Minka Dočkalová, Full Moon

 

"Klabouchová bases her story on a welter of historical facts, but at the same time she takes it over and beyond the expected. And when she finally offers an explanation that enables the readers to make sense of this fairy whirl – in which reality dances with the spectral, as  soldiers once did with the corpses at the Chapel of the Holy Cross – she immediately deprives them of that certainty as well. (…)

In itself this book remains a horror story, but if it transcends this genre without actually abandoning it, this is due to its masterly work with language.

Klabouchová is strong in her descriptions of the environment and the inner states of her antiheroes. Adjectives that a more insecure novelist might use as mere background colouring take her at her word and become the primary vehicle of meaning."

Aleš Palán, Aktuálně

 

"Writing good genre literature is no easier than writing the “highbrow” kind.

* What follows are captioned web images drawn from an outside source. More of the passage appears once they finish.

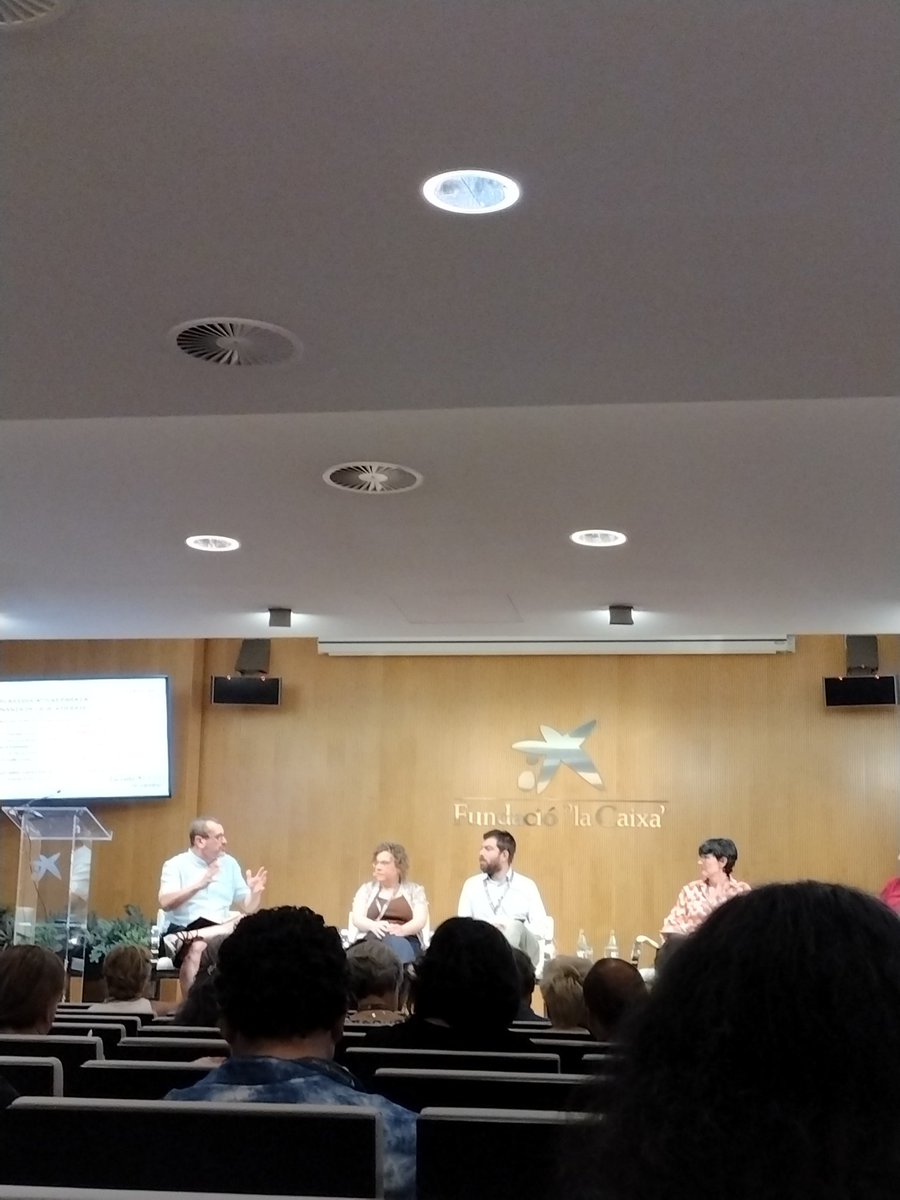 valerialiana's tweet photo. En #escuelaAIHUB del CSIC comenzando con políticas educativas https://t.co/dNN125PJIJ
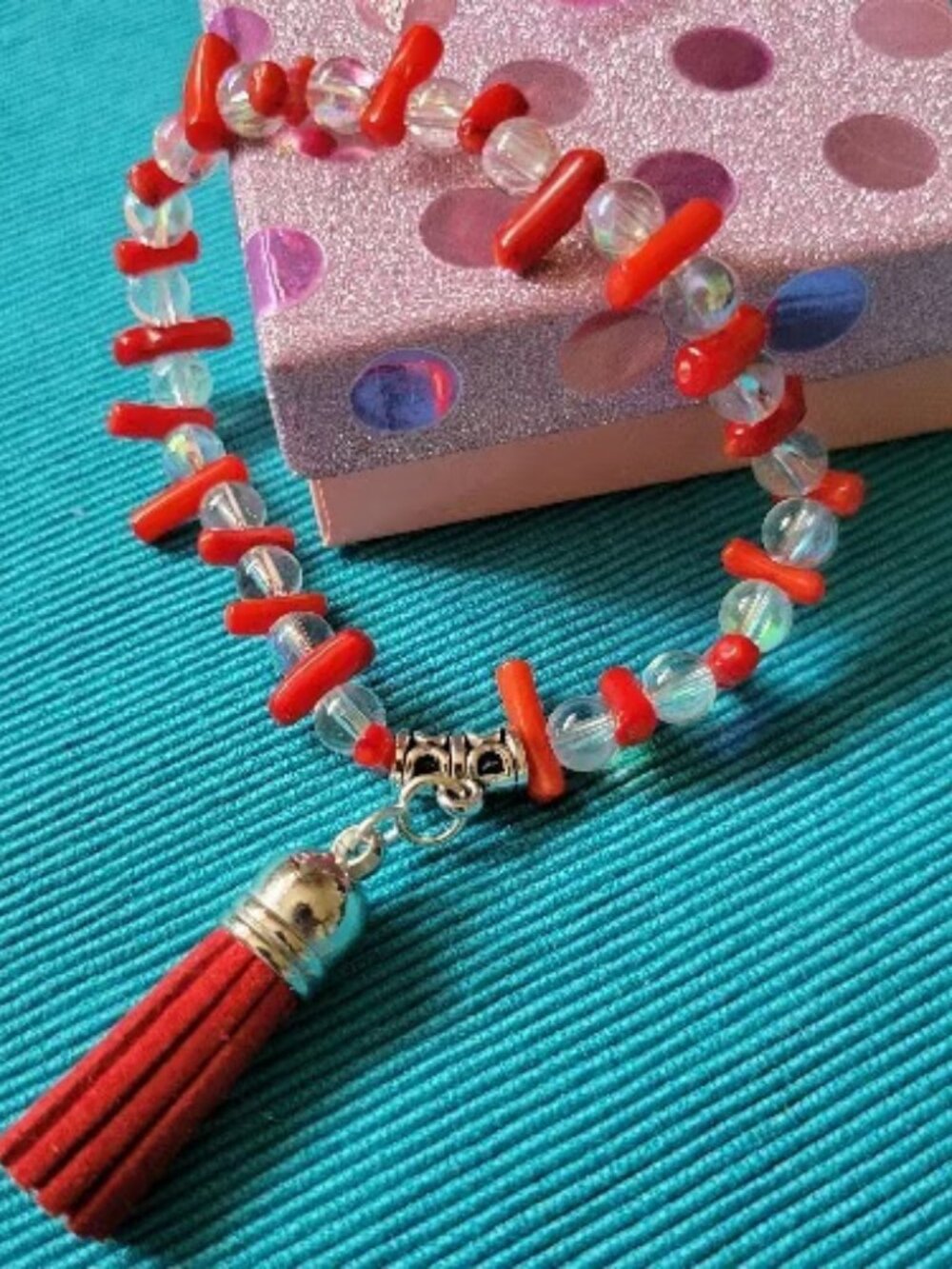 Pretty in Red, Clear, Beads with Gold Dividers and Dangle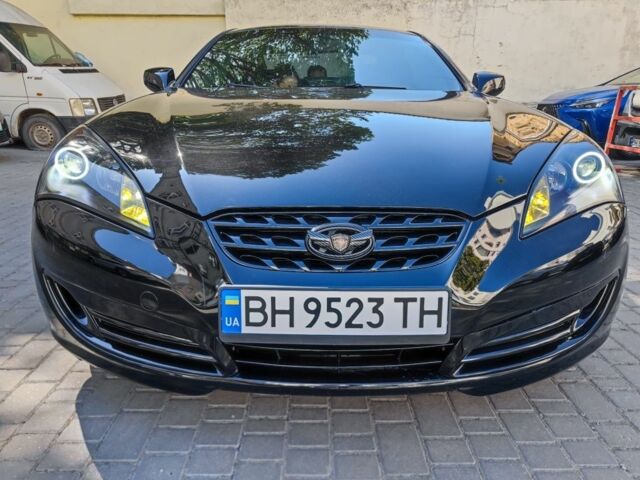 Черный Хендай Генезис, объемом двигателя 2 л и пробегом 232 тыс. км за 8999 $, фото 5 на Automoto.ua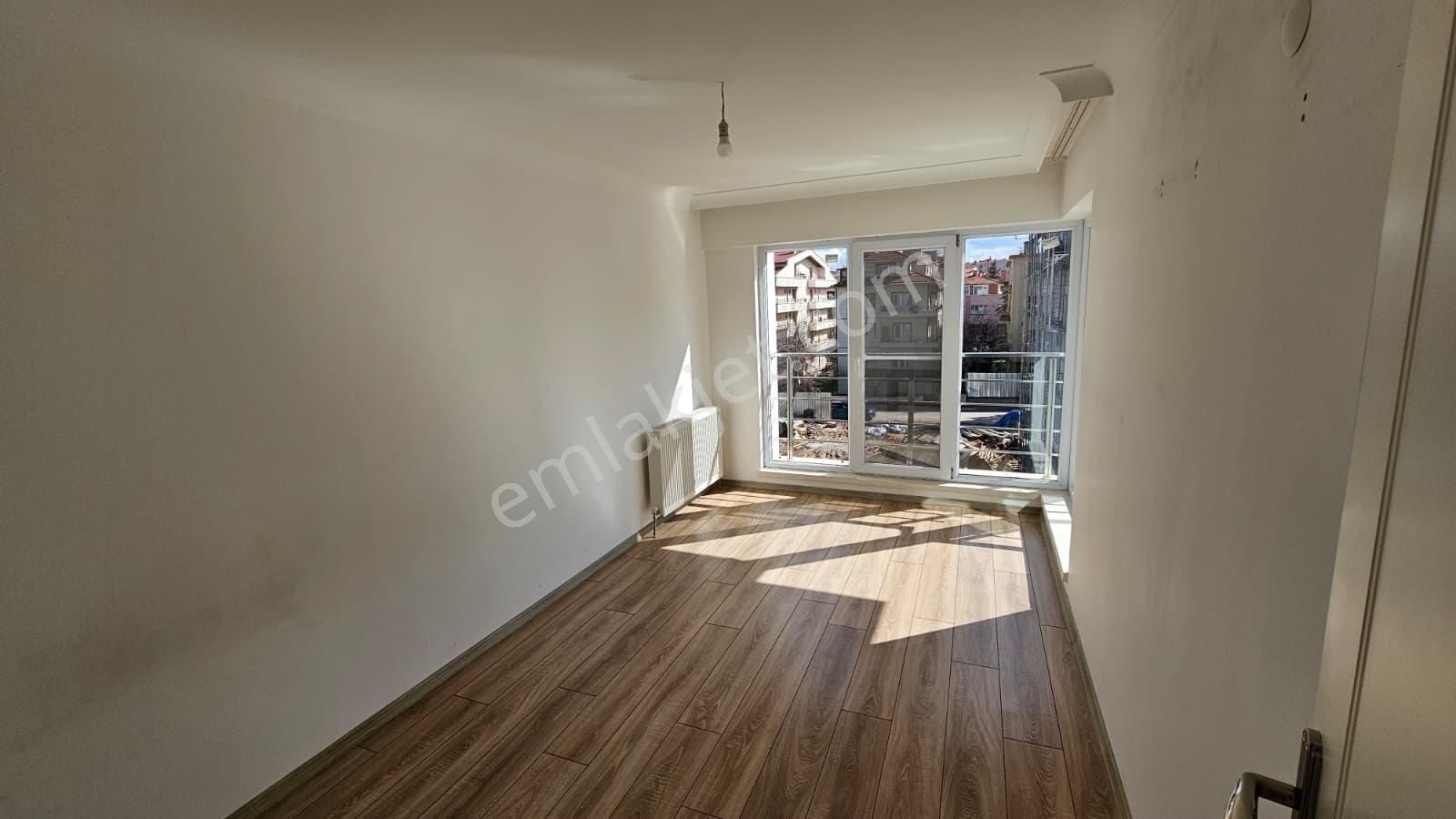 Arel'den Yücetepe Akdeniz Cd Üstünde Yeni Bina 2 Kat Kombili 2+1 - Görsel 7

Instead of freewheeling, one has to come to terms with genre conventions and find one’s own way through territory that hundreds of predecessors have traversed. In Ignis fatuus, Petra Klabouchová offers the kind of original Czech literary horror story that we haven’t seen for a long time.

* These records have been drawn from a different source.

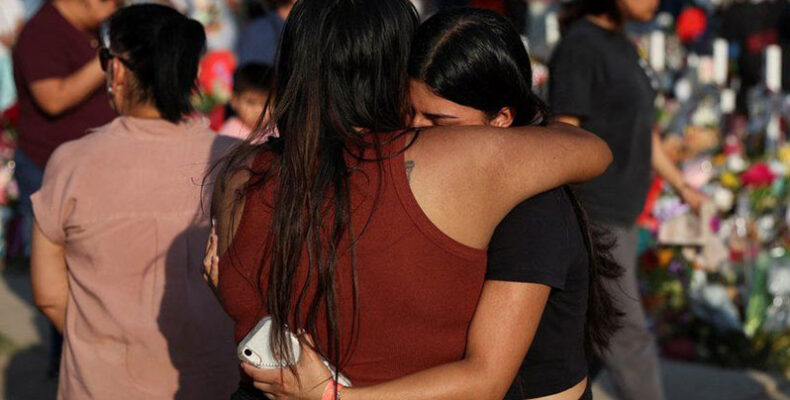 US senate moves towards limited gun control measures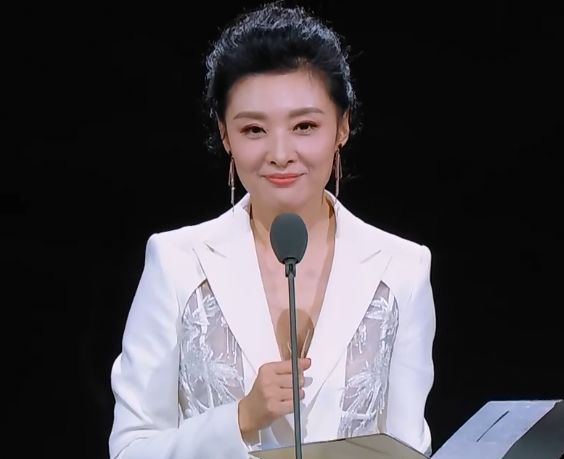 51岁周涛配音哪吒惊艳全场,妆容精致状态好,尽显温婉大方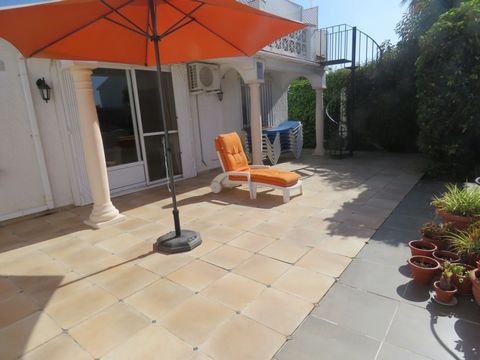Un bungalow de charme typique de Calypso. La propriété dispose de 3 chambres doubles et de 2 salles de bains dont une attenante. L’espace cuisine-salon semi-ouvert mène à une grande terrasse ensoleillée. Sur le devant de la propriété se trouve un par...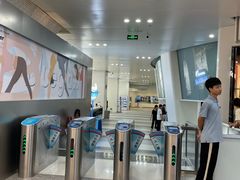 -冰纷万象滑冰场(深圳万象城店)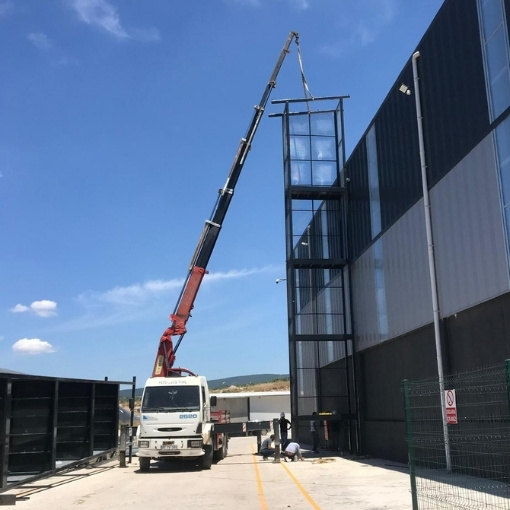 Sepetli Vinç ve Sepetli Platform Kullanımının Endüstriyel Avantajları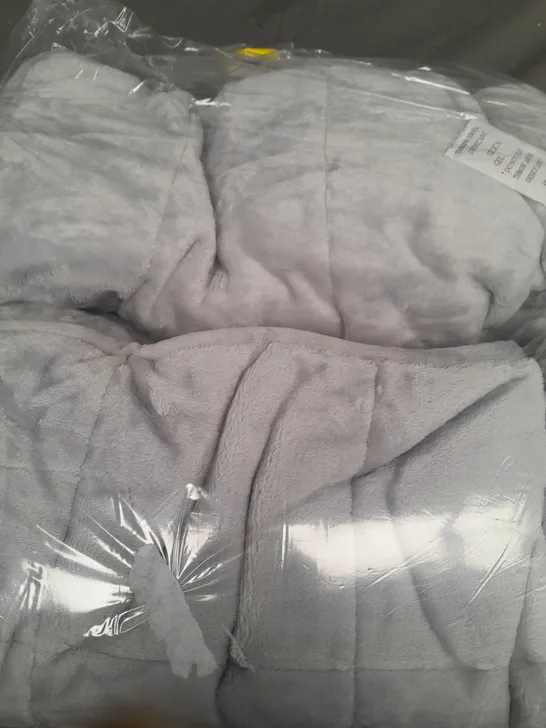 BOXED COZEE HOME VELVETSOFT WEIGHTED BLANKET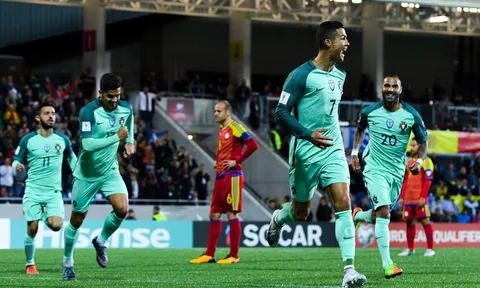 Sau 13 năm Ronaldo mới làm dự bị với Bồ Đào Nha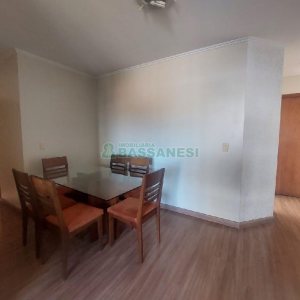 Apto Mobiliado com 80m², 2 dormitórios, 1 vaga, no bairro Lourdes em Caxias do Sul para Comprar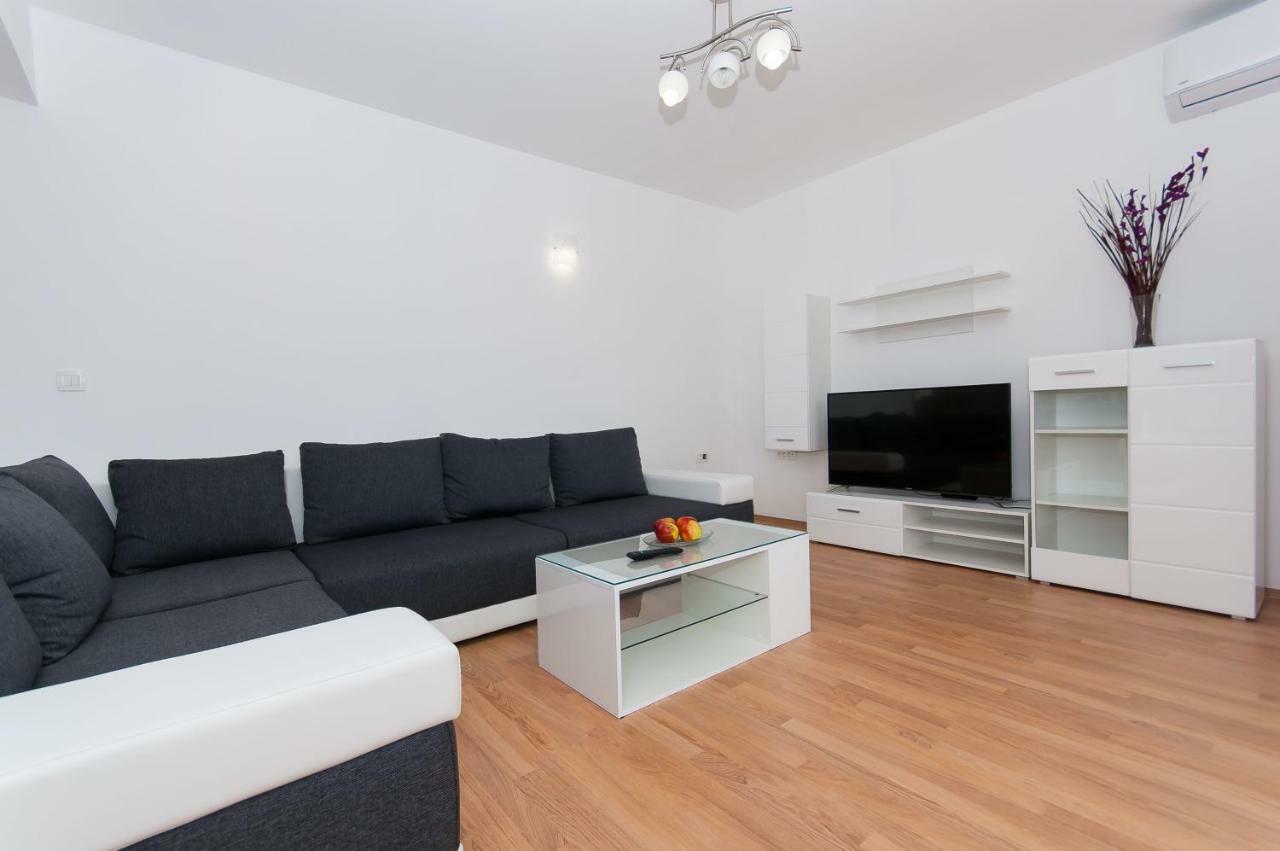 Apartman Mira- Omiš Εξωτερικό φωτογραφία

(...) Klabouchová provides an excellent depiction of the distinctive nature of the Bohemian Forest weather and landscape, and she has the ability to create interesting characters. (...)

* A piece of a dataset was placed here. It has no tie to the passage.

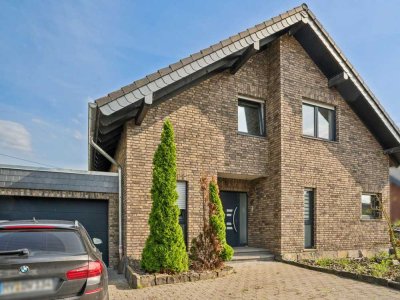 Modernes Einfamilienhaus mit großzügigem Wohnkeller in ruhiger Lage von Thür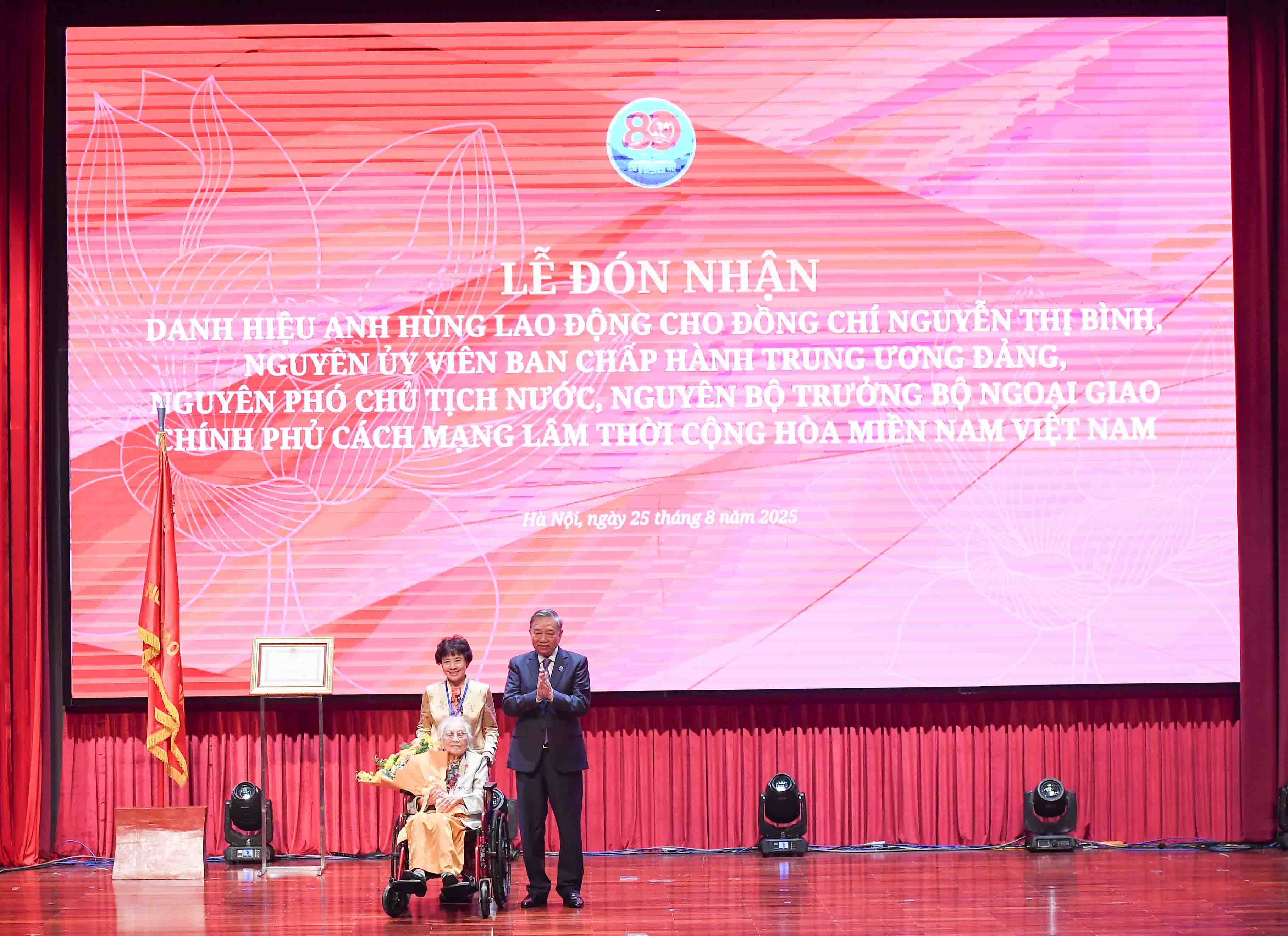 Thay mặt Đảng và Nhà nước, Tổng Bí thư trao tặng danh hiệu Anh hùng Lao động cho đồng chí nguyên Phó Chủ tịch nước Nguyễn Thị Bình - Ảnh: Báo Thế giới Việt Nam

The horror starts up after just the first fifth of the book when the expedition takes a completely different direction, and the reader hesitates: Is this too soon? This cannot be sustained to the end! But Klabouchová manages to thicken the plot, which may sound like one of the weaker X-Files stories when retold. The genius loci gradually merges with the demons of the family and working relationships that the scientists carry with them in the horror plot. But most importantly, the horrors of the past are not laid to rest here once and for all. They live on or are only now awakening. The rituals of the Celtic druids merge with the murder and violence of the next millennia, and everything escalates with the expulsion of the Germans and the manhunts for those attempting to leave the communist paradise to which the panicky soldiers have been led. A place of memory that is a place of terror comes alive. And with the addition of more and more dimensions, this paranormal space in the Bohemian Forest also becomes a powerful metaphor: a past filled with horrors cannot just be put in a display window.

Klabouchová judiciously inserts local legends into the narrative, which she manages to tie together into a whole that holds together while remaining dense and multi-layered. To this she adds a few unexpected twists. As a result, the horror action keeps up the suspense throughout the remaining two hundred and fifty pages. Moreover, the inventive ending does not suggest that an attempt has been made to just bring the story to an end any old how. Ignis fatuus thus turns into quite a significant part of the Bohemian Forest literary myth; perhaps even more significant than the attempts at novel elaborations of the Bohemian Forest King myth. And it is proof that even horror can be written so sophisticatedly and so well that the reader does not know whether to hurry to the dénouement or savour every page."

Petr A. Bílek, Respekt

 

"Ignis fatuus proves that even Czech horror is worth following.

(…) The novel is at its most compelling and terrifying in the passages that deal with seemingly everyday life in a region where the boundary between the different governmental systems is clearly demarcated by barbed wire, but the one between the world of the living and the dead dissolves into the ever-present mist. In the descriptions of decaying farmhouses and dead orchards, ancient wrongs hover inexorably, and even a banal sensation like the smell of cinnamon and freshly baked strudel has connotations of horror here.

(…) In her purely local horror, Klabouchová works pragmatically with globally comprehensible forms of the genre, but she also manages to benefit from the influences left in the Central European space by writers such as Jozef Karika.

(…) The ability to illuminate the Czech periphery as a place of unease, shifting identities and unprocessed traumas (...) makes Petra Klabouchová a figure that has long been missing from the all-too-fractured tradition of Czech horror."